# Damn Cold But Fish Dinner Was Good



## CUL8R (Jul 20, 2009)

So, my baby girl, Sunsetter, and I got tired of sitting at her house watching movies while it has been so cold outside. Only so many movies you can watch. She bought me a new beach cart for Christmas and it needed some sand on the wheels. Screw the cold and she wants to go fishing.

Bought some fresh shrimp, make some pomp rigs and loaded up around 11:30a this morning to hopefully catch some whiting and maybe a redfish in the surf. Got to the first parking lot at Portafino with a very easy tow of all rods, tackle, bag full of sweaters and hopes of fresh fish for dinner. Fished the surf for a few hours in a deep rut and never lost a bait. Then went to Sikes and tried it there but only one small puffer fish.

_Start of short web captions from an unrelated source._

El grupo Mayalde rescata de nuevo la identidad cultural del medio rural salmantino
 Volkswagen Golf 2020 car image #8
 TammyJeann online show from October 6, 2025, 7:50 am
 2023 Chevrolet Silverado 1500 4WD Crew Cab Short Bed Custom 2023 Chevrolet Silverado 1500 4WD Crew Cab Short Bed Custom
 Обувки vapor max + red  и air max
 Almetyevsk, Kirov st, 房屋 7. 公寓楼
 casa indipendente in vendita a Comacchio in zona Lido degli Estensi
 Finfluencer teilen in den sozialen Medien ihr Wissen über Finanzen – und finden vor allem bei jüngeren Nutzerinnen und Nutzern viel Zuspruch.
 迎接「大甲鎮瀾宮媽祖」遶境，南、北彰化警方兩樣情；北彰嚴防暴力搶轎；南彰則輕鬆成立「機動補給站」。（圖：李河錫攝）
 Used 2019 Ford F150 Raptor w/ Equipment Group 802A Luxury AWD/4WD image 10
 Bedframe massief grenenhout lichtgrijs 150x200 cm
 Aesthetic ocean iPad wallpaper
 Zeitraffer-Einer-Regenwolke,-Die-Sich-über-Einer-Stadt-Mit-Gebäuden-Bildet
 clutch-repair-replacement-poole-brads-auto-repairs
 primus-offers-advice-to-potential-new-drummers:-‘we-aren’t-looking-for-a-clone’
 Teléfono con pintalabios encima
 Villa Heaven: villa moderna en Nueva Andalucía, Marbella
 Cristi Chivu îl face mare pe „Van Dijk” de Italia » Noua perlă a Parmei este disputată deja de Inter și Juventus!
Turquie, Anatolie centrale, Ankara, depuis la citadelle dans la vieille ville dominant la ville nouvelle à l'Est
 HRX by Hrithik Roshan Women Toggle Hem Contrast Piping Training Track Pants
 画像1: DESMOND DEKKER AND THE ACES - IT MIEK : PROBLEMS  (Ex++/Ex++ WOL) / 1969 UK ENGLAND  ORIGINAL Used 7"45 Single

Found the fish at Maria's Seafood using greenbacks for bait. Fresh, fried mullet, potatos and onions and Amanda made a fresh batch of chocolate brownies. Doesn't get any better....


----------



## lobsterman (Sep 30, 2007)

You got a trooper there! At least you gave it a whirl. You never know unless you go.


----------



## stc1993 (Nov 23, 2014)

When it's cold it's real cold in FL. People think it doesn't get cold in FL. All the wind off the water will chill you to the bone.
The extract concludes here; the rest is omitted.